Mhow, officially Dr. Ambedkar Nagar, is a town in the Indore district in Madhya Pradesh state of India. It is located  south-west of Indore city, towards Mumbai on the old Mumbai-Agra Road. The town was renamed as Dr. Ambedkar Nagar in 2003, by the Government of Madhya Pradesh.

Etymology
Some articles in popular literature state that 'MHOW' stands for Military Headquarters Of War. However, this is a backronym, and there is no proof to support the theory that the name of the village comes from the acronym. The village near Mhow was called Mhow Gaon in the Mughal/Maratha eras, when English was not used in India. The Cantonment which came up in 1818 during the Third Anglo-Maratha War, came to be known as Mhow Cantt after the name of this village. Sir John Malcolm spelt the name of this town as MOW in his writings. The 1918 edition of Encyclopædia Britannica also mentions 'MAU'. However, the Cantonment was referred to by British officers as Mhow at least as early as the end of 1823 (letter from Lt Edward Squibb to his father in London).

History
This cantonment town was founded in 1818 by John Malcolm as a result of the Treaty of Mandsaur between the English and the Holkars who were the Maratha Maharajas of Indore. John Malcolm's forces had defeated the Holkars of the Maratha Confederacy at the Battle of Mahidpur on 21 December 1817. It was after this battle that the capital of the Holkars shifted from the town of Maheshwar on the banks of the Narmada to Indore.
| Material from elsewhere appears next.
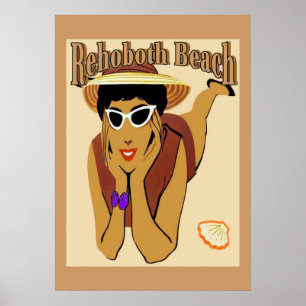 RehoBåde, Dam på Beach Poster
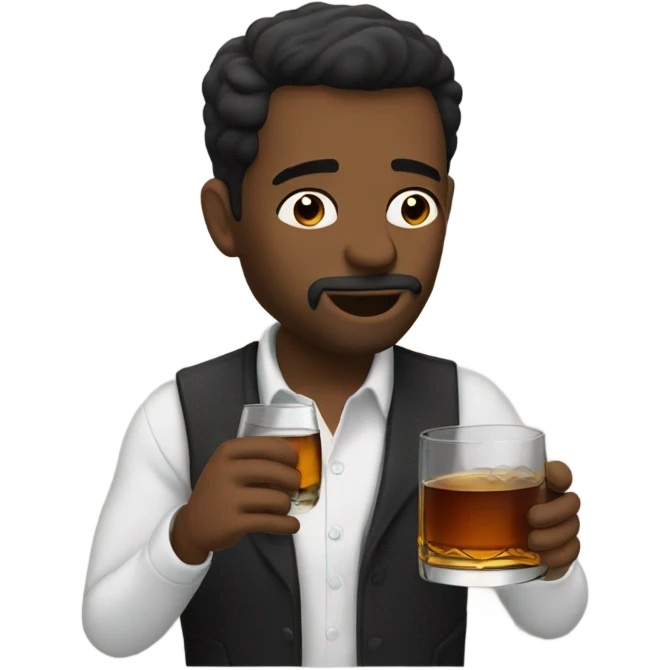 Firman drinking a whiskey emoji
Mhow used to be the headquarters of the 5th (Mhow) Division of the Southern Command during the British Raj. Today this small town is associated with the Indian Army and with B. R. Ambedkar who was born here.

Mhow was a meter gauge railway district headquarters during the British Raj and even after 1947. Mhow finally has a broad gauge connection with Indore but regular train services are yet to commence.
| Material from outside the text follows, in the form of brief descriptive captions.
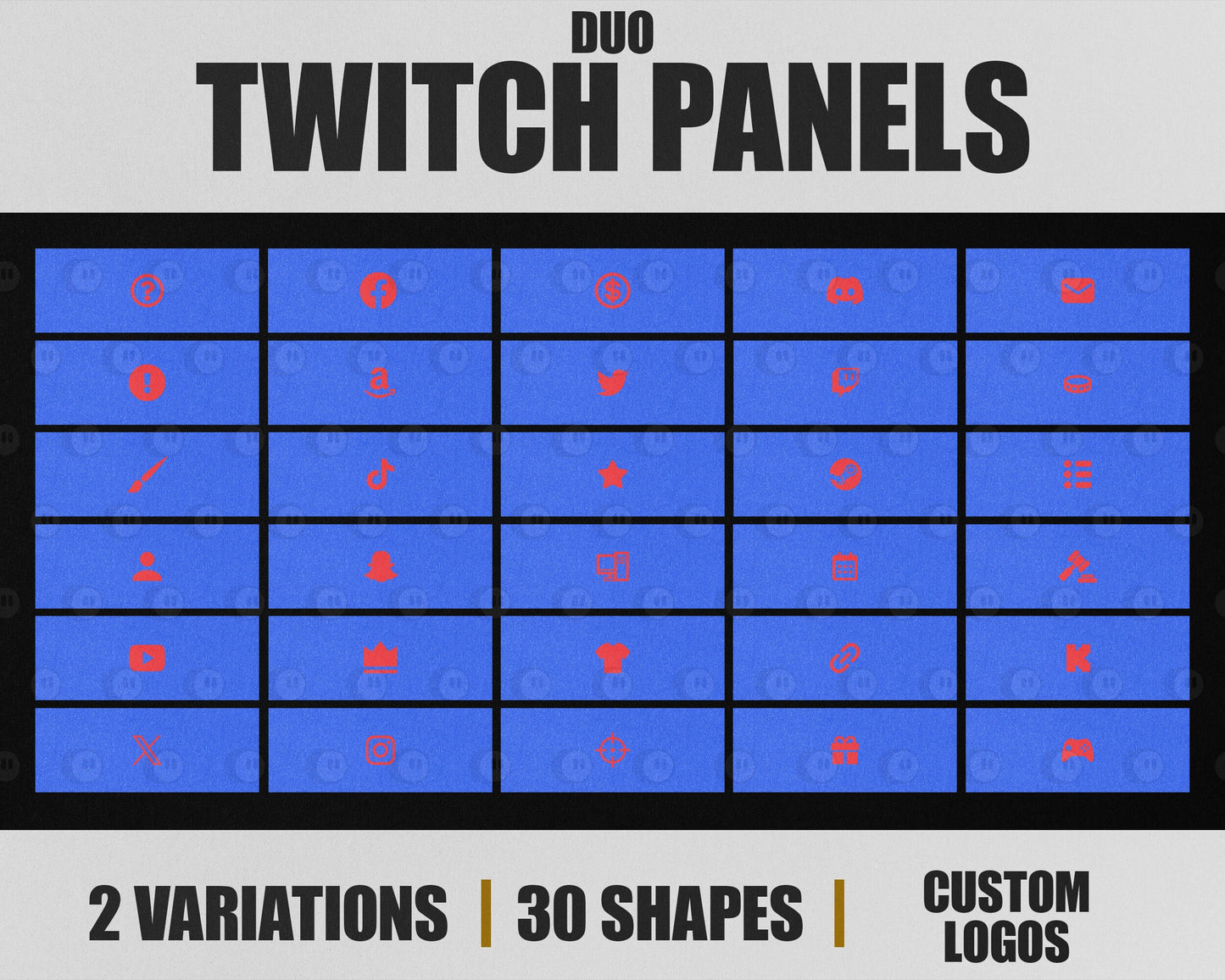 Duo Stream Panels with Paper Texture for Twitch, YouTube, Facebook and Kick Streamers, Sleek Cool Minimal Overlay Designs, Easy to Implement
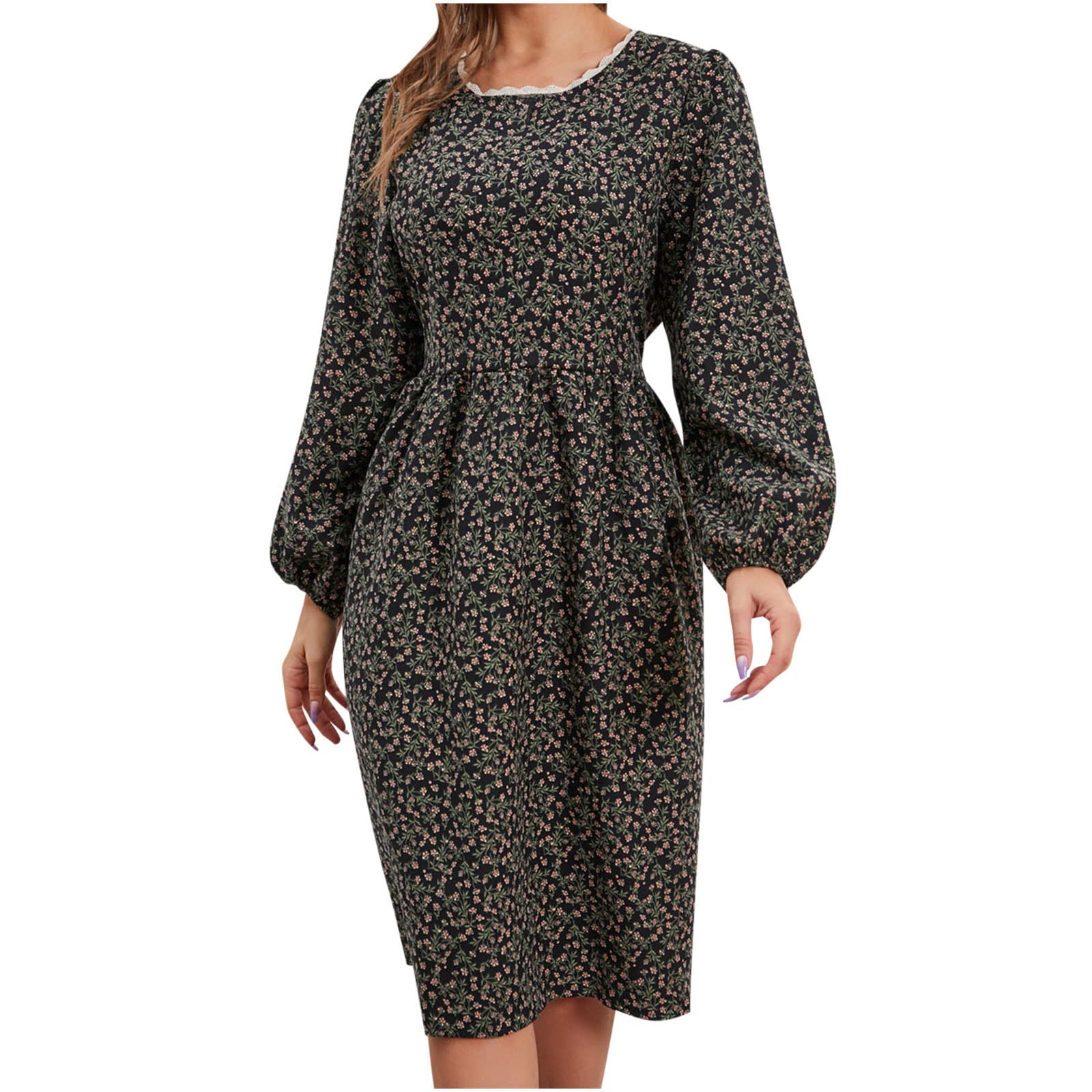 BmkBWO Women's Floral Print Long Sleeve Summer Dress - Crewneck Swing Knee-Length Smocked Waist Shift Dress for Fall | Perfect for Casual Outings, Office Wear & Date Nights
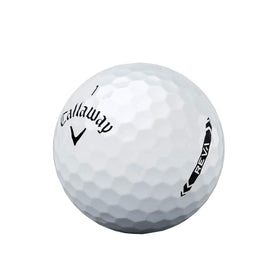 Callaway REVA golf balls in pearl white pack shot emphasizing distance and forgiveness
According to Hindu religious texts, Janapav Kuti near Mhow is said to be the birthplace of Parashurama, an avatar of Vishnu.

Climate 
Mhow has a pleasant climate more often than not, however the peak summer and winter periods may get extremely hot and cold, respectively. Temperatures may go as high as 43 degrees Celsius during summers and as low as 4 degrees Celsius during winter.

Demographics
 India census, Mhow had a population of 85,023. Males constitute 54% of the population and females 46%. Mhow has an average literacy rate of 72%, higher than the national average of 59.5%; male literacy is 78%, and female literacy is 65%. The Mhow Cantt Cantonment Board has population of 81,702 of which 43,888 are males while 37,814 are females as per report released by Census India 2011.
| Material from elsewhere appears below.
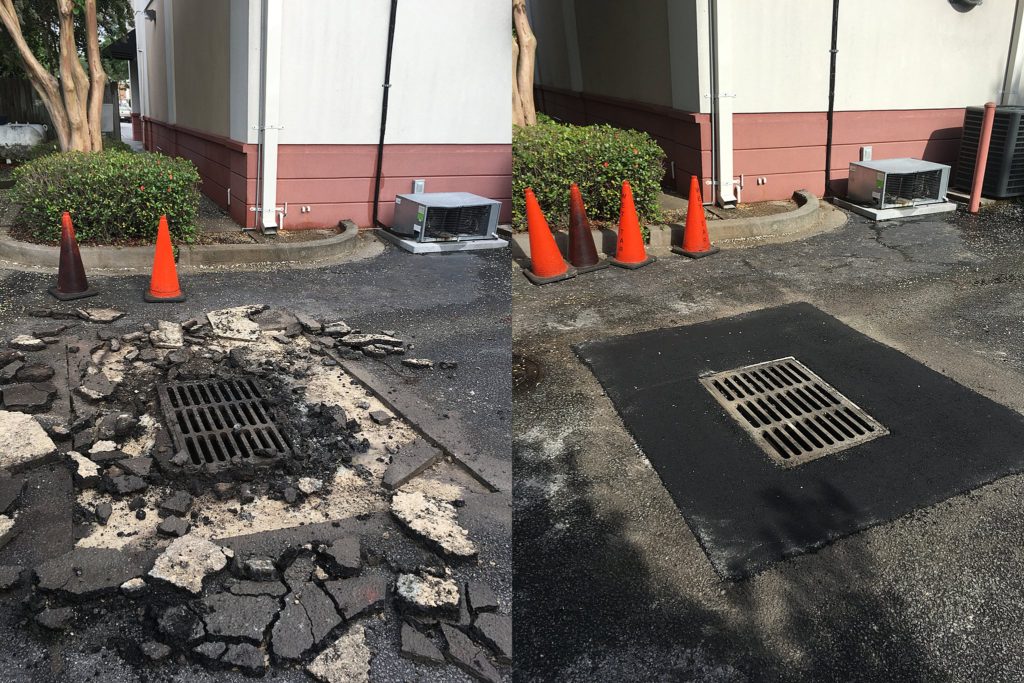 Before and after photo of asphalt repair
Population of Children with age of 0-6 is 9308 which is 11.39% of total population of Mhow Cantt (CB). In Mhow Cantt Cantonment Board, Female Sex Ratio is of 862 against state average of 931. Moreover, Child Sex Ratio in Mhow Cantt is around 908 compared to Madhya Pradesh state average of 918. Literacy rate of Mhow Cantt city is 85.78%; higher than state average of 69.32%. In Mhow Cantt, Male literacy is around 90.42% while female literacy rate is 80.37%.

Cantonment 

As early as 1818, the Indian Army has had a presence in Mhow. Up until World War II, Mhow was the headquarters of the 5th Division of the Southern Army. According to local legend, Winston Churchill also spent a few months in Mhow when he was a subaltern serving with his regiment in India. The house on the mall where he is supposed to have lived, gradually crumbled due to neglect and age. It was pulled down and a jogger's park has been built on its grounds by the Infantry School.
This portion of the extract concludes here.